Hartt implicates himself in this cultural ecology by assuming a role perhaps better described as “collaborative designer” than autonomous artist. For this show, he produced a series of handcrafted multiples informed by the iconic cellules juxtaposables proposed by French architect Jean-Louis in 1962. Termed “Para-Sites,” Hartt’s glass modules were fabricated using a mold computer-designed by master artisan glassblower James J. Riviello. Pod-like, but with wide openings on all four vertical sides, plus an additional opening on the top (theoretically rendering the objects stackable), the forms (exhibited here in five groupings) mimic the glassed-in urban living units shown in Andrasofszky’s drawings. At Corbett vs. Dempsey, Hartt arranged his Para-Site models on, under, and around examples of USM Haller modular furniture, pieces of a system designed in 1963 for the company’s offices in Münsingen, Germany. Originally prized for their clean factory- made lines, the tables and shelves installed here bore the minor scuffs and nicks of use. Meanwhile, the glass sculptures that were fabricated for this show, each piece charmingly distinct from the other, hardly signaled “new.” Rather, both components satisfied the presentday fetish for human contact—whether evidence of handling, or of having been handmade—among the creative class. One could easily imagine both elements as decor within the absent “original” living module of the drawings: utopian design as lifestyle, the Para-Sites as ghostly recombinant miniatures invading modernist design.

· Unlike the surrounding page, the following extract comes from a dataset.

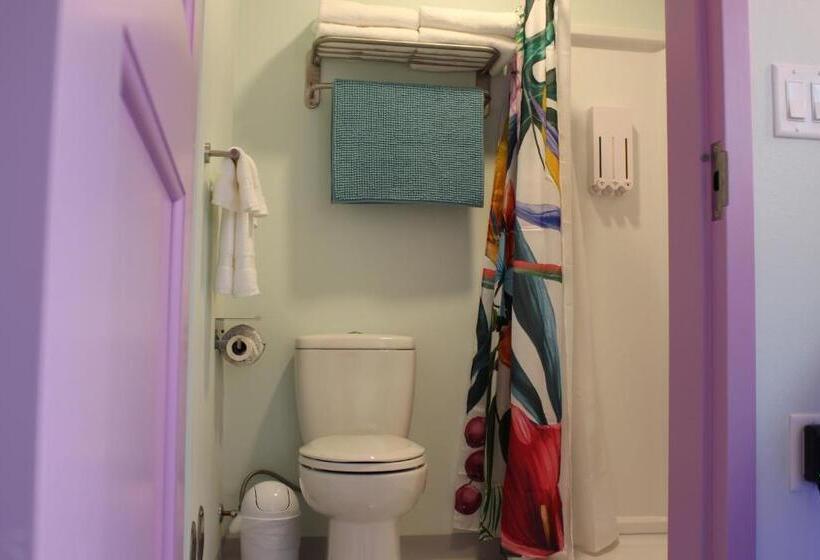 חדר סטנדרט עם מיטת קינג, Worthington Of Logan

Other details only added to Hartt’s panoply of historical references. For example, in the first Andrasofszky illustration, one of the protesters bears the insignia of the British anarchist punk collective Crass, whose 1978 album, The Feeding of the 5000, features a postapocalyptic photomontage by Gee Vaucher on its jacket cover. A speech bubble attached to the lone male figure in the second illustration quotes Guy Debord, recalling the Situationist International’s d.tourned comics. Back in the real space of the gallery, a neon sign resting on one of the USM tables read NEW MAN in the jagged lettering of Raymond Loewy’s ambigrammatic 1969 logo for a French fashion line. Signs mingled with signs, modernist optimism with Occupy-era rage, revolutionary impulses with their deft incorporation into the machinery of mass consumption. Another Hartt exhibition, “Stray Light” (on view through June 30 at New York’s Studio Museum in Harlem), features photographs of the now defunct, still luxuriant former offices of the Johnson Publishing Company, home of Jet and Ebony magazines. The dream of a middle path between revolution and assimilation embodied by this African American–owned business seemed absent in “For Everyone a Garden,” in which ostensibly revolutionary forms oscillated between serving as a sign of exclusivity (indeed, Habitat 67 is now one of the most expensive properties in Montreal) and haunting the places they appear with the spirit of coming insurrections.